A method for analysing tissue motion and deformation during mammalian organogenesis
Fig 5
Creating an in-silico fate map to analyse heart tube morphogenesis at both cellular and regional levels.
(A), Concatenation path of the individual live image. We concatenated through the hookPC and eye-PC strategy the videos related to embryos e31, e16, e35, e27, e24 and e12. The reference embryo is e35. (B), In-silico fate map tracking early cardiac morphogenesis as a continuum. The tool in Imaris allows to select points or regions in the myocardium and follow their motion over time from Gr2 to Gr9 in Atlas. In grey the point-cloud, in yellow the selected points track the regional changes at different stages. The lines, on the other hand, draw the displacement of the point-cloud. (C), The selected 10 arbitrary zones of the myocardium on the Gr9 shape. (C’), The displacement of the 10 zones in the different groups of the Dynamic Atlas. The two rows above represent the anterior part of the heart, the two rows below the posterior part. (D), Strategy to identify the same 10 anatomical zones in the live embryo. For each group, ‘Live-Shape’s were rescaled with a rigid registration algorithm to the Corresponding Atlas shape. Then the area of each mesh was calculated (colour map) for each rescaled ‘Live-Shape’s. Finally, the area values were averaged within the Atlas reference and summed for each of the 10 areas. (E-E’), The ‘Live-Shape’ and the Dynamic Atlas growth profiles of the 10 zones, interpolated for each Grs with a 3degree B-Spline. (E”) The validation strategy. (F) Top: A selected region in the Dynamic Atlas, illustrating how the region deformed anisotropically over time.

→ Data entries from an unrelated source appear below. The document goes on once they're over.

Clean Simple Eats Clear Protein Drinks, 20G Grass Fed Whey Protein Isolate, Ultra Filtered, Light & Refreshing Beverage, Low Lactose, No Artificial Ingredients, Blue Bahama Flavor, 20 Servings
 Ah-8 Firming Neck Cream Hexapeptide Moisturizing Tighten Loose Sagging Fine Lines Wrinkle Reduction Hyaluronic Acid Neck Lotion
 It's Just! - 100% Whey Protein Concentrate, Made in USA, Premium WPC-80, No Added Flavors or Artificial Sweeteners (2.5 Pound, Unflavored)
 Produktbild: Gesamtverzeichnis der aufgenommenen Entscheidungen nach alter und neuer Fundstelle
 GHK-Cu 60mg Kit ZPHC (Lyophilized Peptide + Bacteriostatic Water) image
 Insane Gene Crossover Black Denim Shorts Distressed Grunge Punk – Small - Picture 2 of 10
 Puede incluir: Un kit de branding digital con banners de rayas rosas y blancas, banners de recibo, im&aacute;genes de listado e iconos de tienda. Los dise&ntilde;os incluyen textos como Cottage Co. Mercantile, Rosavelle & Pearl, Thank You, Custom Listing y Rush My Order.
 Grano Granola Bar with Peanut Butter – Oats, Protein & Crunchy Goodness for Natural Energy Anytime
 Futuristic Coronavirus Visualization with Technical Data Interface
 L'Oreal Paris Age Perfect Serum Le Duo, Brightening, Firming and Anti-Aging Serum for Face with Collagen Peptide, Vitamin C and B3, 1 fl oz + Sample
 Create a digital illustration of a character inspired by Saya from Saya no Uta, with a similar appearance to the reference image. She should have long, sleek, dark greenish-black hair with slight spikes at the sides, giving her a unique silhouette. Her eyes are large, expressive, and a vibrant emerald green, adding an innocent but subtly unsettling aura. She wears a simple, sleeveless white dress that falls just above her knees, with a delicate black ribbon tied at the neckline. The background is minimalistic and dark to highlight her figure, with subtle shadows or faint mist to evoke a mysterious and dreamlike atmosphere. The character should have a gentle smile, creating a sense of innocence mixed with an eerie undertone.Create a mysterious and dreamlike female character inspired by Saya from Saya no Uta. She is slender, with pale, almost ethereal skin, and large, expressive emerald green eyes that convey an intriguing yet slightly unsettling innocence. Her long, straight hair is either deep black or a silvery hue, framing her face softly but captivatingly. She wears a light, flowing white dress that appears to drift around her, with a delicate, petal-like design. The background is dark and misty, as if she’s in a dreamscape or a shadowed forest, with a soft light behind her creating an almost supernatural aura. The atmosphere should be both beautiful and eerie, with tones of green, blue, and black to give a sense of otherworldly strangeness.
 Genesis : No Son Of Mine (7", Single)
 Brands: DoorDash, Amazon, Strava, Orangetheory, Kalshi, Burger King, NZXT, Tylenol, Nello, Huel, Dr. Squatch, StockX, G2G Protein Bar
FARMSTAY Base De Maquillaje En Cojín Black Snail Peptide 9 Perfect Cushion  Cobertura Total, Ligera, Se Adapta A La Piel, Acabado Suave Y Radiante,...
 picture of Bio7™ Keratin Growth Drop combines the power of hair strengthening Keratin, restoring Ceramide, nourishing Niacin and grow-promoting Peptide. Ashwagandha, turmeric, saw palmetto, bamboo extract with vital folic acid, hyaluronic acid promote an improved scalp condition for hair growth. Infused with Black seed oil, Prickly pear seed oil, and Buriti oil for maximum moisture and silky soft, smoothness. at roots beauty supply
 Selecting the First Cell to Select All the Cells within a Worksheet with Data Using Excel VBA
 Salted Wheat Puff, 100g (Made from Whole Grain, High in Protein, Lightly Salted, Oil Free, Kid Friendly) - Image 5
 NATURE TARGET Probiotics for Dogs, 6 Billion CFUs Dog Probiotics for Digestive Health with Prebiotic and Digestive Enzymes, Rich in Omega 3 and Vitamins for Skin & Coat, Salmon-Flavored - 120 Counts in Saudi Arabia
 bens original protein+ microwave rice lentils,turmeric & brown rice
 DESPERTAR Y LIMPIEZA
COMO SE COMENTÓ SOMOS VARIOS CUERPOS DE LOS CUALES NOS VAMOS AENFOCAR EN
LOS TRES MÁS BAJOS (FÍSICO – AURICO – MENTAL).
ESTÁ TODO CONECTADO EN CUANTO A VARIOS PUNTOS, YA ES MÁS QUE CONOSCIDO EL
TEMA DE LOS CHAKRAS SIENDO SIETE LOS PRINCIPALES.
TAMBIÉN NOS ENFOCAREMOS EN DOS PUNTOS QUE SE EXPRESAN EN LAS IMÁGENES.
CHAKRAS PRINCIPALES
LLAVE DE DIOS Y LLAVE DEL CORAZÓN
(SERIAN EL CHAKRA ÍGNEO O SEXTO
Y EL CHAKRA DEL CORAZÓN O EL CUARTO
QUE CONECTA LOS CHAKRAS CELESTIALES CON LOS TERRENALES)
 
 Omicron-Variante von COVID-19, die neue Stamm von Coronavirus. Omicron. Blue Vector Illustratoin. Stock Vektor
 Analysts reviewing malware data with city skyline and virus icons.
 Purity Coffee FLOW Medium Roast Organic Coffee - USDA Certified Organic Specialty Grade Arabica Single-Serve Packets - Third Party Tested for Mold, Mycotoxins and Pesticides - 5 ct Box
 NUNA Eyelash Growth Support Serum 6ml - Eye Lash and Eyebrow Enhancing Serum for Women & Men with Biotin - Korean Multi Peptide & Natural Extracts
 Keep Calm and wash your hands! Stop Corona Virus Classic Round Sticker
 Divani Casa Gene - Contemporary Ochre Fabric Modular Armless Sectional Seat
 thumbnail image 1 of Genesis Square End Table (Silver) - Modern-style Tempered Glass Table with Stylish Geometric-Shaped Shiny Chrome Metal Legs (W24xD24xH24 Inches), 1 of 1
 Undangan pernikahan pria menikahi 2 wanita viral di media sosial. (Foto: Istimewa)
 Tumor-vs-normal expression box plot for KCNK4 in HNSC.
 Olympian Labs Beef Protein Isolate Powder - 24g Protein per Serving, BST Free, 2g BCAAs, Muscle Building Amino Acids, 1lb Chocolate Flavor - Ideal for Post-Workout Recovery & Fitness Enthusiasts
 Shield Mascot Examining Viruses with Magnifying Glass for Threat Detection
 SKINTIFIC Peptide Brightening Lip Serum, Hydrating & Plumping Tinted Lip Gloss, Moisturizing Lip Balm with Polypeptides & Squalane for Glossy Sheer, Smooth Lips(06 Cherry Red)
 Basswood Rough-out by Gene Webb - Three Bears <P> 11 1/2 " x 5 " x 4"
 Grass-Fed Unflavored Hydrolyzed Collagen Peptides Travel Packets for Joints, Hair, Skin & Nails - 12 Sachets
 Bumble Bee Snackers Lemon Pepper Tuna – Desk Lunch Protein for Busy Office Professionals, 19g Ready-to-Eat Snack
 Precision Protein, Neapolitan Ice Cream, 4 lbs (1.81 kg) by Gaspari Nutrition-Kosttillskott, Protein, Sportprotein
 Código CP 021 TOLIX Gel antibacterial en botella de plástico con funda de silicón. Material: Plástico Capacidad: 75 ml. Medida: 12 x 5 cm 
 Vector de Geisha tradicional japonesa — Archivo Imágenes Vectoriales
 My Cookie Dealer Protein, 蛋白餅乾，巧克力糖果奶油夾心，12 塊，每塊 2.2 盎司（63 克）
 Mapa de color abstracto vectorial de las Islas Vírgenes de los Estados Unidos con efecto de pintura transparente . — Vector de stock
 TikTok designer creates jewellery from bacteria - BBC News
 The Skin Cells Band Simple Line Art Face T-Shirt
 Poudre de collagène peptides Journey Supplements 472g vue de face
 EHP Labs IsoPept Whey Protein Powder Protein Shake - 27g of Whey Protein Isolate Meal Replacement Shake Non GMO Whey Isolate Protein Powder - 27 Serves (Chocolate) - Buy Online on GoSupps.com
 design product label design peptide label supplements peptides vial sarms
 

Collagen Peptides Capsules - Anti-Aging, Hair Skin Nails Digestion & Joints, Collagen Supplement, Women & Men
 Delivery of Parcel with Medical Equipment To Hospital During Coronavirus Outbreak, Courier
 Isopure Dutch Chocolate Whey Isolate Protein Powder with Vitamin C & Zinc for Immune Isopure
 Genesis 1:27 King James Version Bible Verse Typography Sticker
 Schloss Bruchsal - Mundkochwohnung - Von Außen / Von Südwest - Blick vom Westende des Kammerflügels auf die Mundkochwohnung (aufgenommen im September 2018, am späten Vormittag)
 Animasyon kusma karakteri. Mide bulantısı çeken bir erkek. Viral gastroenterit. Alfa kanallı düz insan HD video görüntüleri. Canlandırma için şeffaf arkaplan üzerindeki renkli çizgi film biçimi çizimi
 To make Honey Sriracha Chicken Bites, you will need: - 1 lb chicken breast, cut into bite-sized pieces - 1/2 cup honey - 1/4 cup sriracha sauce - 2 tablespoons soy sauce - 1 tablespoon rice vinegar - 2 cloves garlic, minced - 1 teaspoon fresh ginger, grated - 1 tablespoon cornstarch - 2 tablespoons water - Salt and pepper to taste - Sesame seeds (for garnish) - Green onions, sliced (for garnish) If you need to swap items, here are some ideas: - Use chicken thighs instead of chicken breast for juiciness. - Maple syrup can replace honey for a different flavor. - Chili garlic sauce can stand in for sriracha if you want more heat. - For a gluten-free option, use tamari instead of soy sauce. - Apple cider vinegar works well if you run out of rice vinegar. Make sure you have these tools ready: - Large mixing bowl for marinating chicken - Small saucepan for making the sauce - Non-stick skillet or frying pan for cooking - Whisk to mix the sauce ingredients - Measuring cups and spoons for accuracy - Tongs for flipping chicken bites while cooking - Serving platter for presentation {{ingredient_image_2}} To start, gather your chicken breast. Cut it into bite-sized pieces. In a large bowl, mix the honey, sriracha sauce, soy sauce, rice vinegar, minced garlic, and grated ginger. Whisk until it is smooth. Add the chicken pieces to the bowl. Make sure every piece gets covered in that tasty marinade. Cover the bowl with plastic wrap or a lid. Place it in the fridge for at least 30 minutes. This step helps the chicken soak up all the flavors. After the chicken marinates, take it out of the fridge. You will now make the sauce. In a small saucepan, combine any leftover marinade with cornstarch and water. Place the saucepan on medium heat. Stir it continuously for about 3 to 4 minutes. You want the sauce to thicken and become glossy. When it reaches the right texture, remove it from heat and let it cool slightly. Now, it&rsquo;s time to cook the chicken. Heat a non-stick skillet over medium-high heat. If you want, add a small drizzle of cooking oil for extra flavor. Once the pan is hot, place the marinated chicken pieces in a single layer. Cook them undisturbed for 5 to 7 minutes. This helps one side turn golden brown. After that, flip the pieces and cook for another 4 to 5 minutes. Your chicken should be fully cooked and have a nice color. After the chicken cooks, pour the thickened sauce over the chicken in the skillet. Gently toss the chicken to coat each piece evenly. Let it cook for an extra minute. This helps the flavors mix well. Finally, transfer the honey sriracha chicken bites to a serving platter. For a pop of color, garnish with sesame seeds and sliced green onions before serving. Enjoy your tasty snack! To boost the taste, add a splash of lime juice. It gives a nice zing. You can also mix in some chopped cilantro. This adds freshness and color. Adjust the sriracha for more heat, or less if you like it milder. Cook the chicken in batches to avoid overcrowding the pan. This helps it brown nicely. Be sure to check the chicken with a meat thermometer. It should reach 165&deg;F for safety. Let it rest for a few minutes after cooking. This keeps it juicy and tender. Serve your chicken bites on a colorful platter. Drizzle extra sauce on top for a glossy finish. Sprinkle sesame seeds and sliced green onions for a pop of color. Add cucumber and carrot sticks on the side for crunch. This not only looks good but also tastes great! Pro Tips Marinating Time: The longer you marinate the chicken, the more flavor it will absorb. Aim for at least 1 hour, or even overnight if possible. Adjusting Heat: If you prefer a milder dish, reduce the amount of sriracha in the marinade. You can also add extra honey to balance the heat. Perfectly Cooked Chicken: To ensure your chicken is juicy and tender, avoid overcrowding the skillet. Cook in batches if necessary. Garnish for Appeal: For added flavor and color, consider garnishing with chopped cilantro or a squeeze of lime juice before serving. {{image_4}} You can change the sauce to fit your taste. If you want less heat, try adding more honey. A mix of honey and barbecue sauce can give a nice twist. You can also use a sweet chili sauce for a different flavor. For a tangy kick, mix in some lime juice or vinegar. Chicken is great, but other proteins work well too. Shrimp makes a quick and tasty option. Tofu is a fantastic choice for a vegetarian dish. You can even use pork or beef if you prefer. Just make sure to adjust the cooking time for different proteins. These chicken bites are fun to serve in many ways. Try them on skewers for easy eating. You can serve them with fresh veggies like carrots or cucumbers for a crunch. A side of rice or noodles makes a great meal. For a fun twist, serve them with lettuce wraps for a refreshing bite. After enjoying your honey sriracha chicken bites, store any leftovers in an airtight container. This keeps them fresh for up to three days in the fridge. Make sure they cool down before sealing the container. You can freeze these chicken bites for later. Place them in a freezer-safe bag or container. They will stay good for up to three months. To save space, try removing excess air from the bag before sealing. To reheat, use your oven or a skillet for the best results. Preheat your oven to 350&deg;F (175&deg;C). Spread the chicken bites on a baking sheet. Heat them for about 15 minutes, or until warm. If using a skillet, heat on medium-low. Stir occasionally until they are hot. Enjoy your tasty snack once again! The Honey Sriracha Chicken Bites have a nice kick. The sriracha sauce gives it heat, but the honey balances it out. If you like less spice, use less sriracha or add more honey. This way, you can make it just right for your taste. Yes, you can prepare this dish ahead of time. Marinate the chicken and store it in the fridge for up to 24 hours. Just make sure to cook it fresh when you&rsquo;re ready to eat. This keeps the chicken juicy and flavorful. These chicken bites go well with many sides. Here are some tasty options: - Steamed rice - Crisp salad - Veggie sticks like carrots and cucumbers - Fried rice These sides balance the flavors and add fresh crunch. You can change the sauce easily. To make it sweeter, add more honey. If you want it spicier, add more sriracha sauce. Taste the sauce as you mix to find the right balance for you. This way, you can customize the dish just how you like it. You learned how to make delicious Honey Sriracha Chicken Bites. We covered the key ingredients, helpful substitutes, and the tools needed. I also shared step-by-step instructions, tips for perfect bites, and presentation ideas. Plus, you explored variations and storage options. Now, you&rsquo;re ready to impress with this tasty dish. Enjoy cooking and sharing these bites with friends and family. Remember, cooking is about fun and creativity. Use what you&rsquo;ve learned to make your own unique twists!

Bottom: Cumulative anisotropy from Gr3 to Gr9. (G), At the cellular level (left), we tracked cell positions in e02 at Gr3 and Gr4 using Imaris (pink spots). On the right, we marked the initial positions of these cells on the fate map at Gr3 and then evaluated their predicted final positions at Gr4 (pink spots). (G’), At the regional level, we tracked different groups of points on the myocardium mesh of e27 from Gr4 to Gr5 (pink and yellow points). On the right, we identified the same groups of points on the fate map at Gr4 and assessed where these points ended up in Gr5. (H), Cellular-level error across 40 tracked cells from e01, e02, e05, and e16, compared to the corresponding predicted positions from the dynamic atlas. On average, the error is 20 µm, roughly equivalent to a cell diameter. Only 2 cells show an error greater than twice the cell diameter. We consider 95% of the cells to be well-predicted.